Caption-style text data
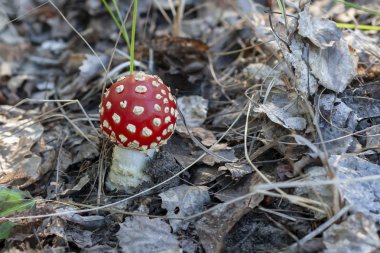 Genç kırmızı sinek agaric, yakın çekim. Sinek mantarı.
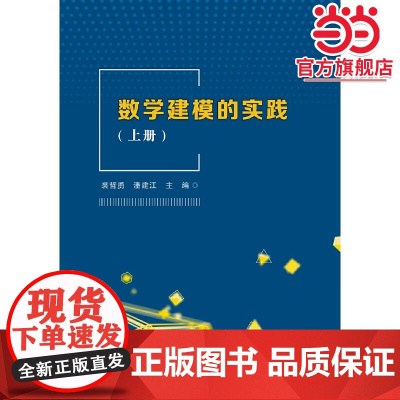 数学建模的实践(上册)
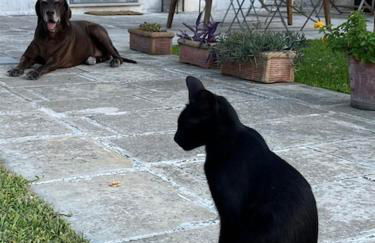 Casa Vacanze La Vecchia Brace - Foto 18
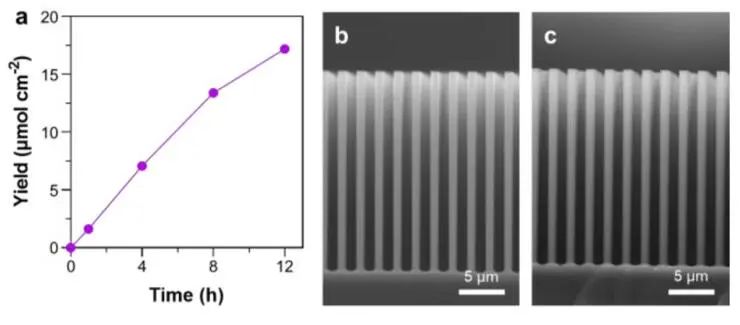 楊培東院士團隊，最新JACS！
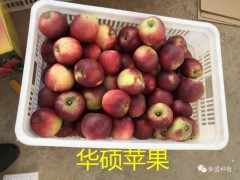 漢中市哪里有昭通蘋果|昭通果業(yè)基地|13887043679圖3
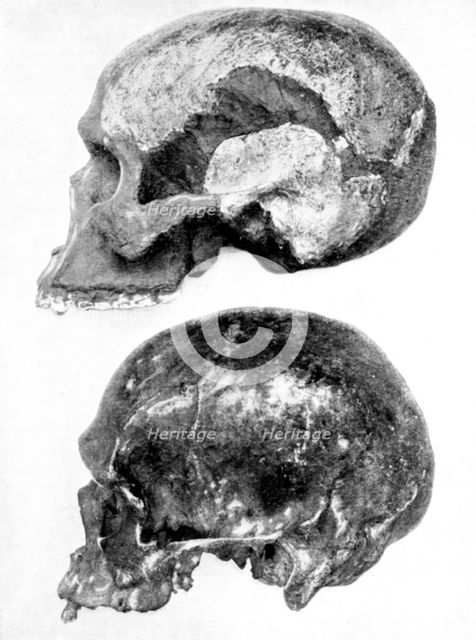 Skull of Piltdown Man (Eanothropus daswoni), 1912. Artist: Unknown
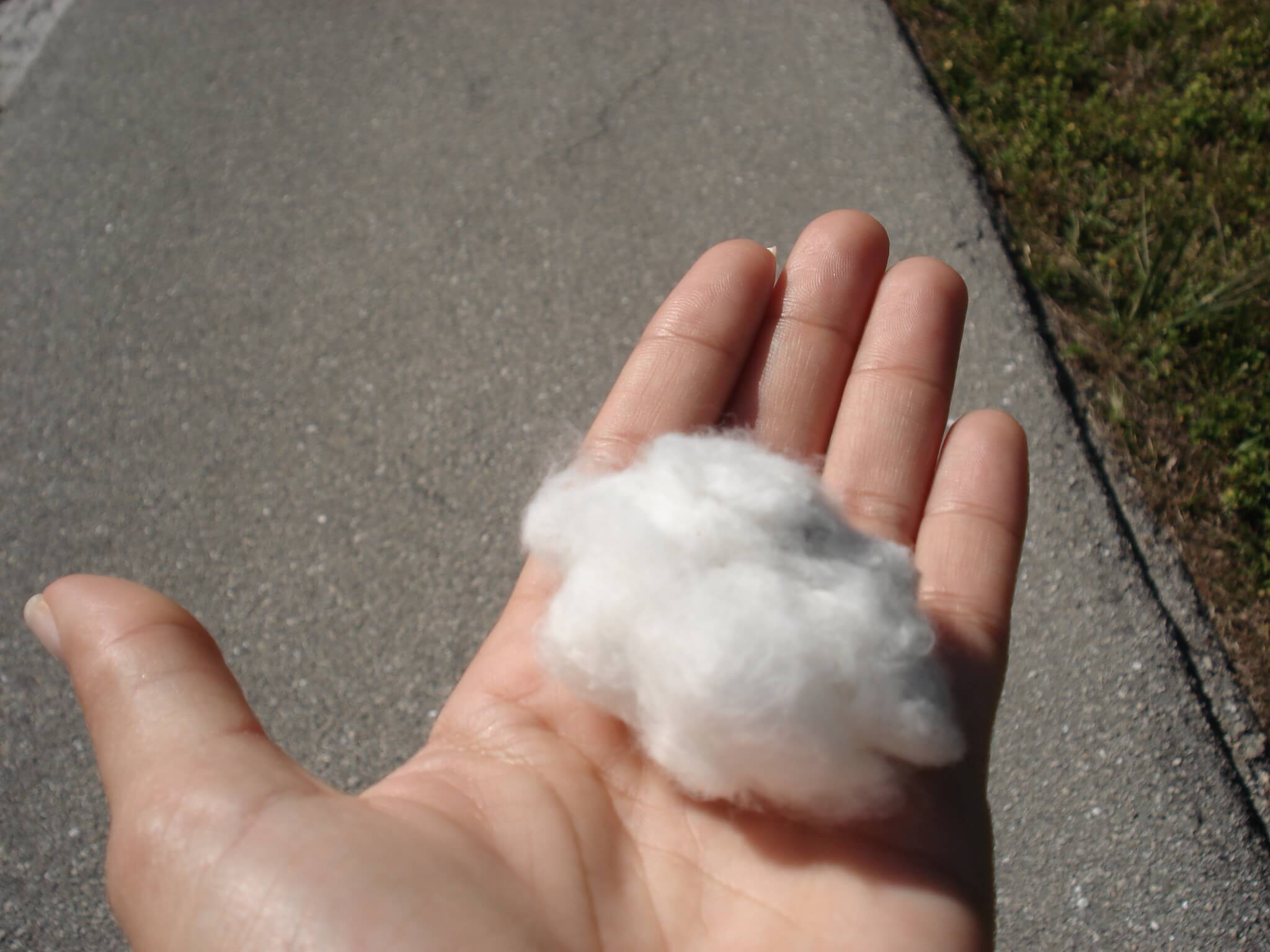 Does organic cotton matter? Mudita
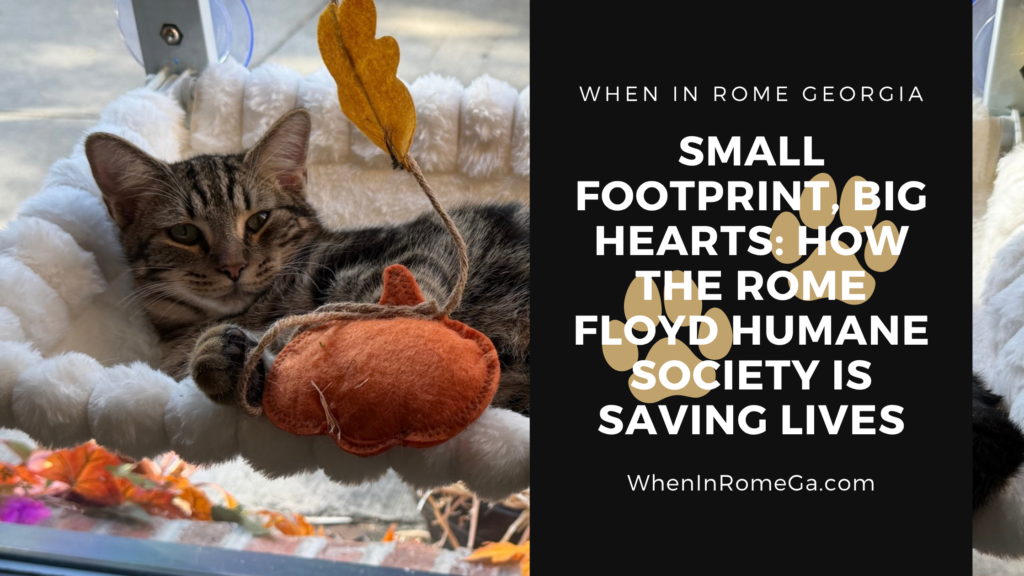 Small Footprint, Big Hearts: How the Rome Floyd Humane Society is Saving Lives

§ Work task: If pictures appear, drop them, and retype exactly the lines from the "楊培東院士團隊，最新JACS！" line through the last line of the data above.

§ Written reply:
 楊培東院士團隊，最新JACS！
 漢中市哪里有昭通蘋果|昭通果業(yè)基地|13887043679圖3
 Skull of Piltdown Man (Eanothropus daswoni), 1912. Artist: Unknown
 Does organic cotton matter? Mudita
 Small Footprint, Big Hearts: How the Rome Floyd Humane Society is Saving Lives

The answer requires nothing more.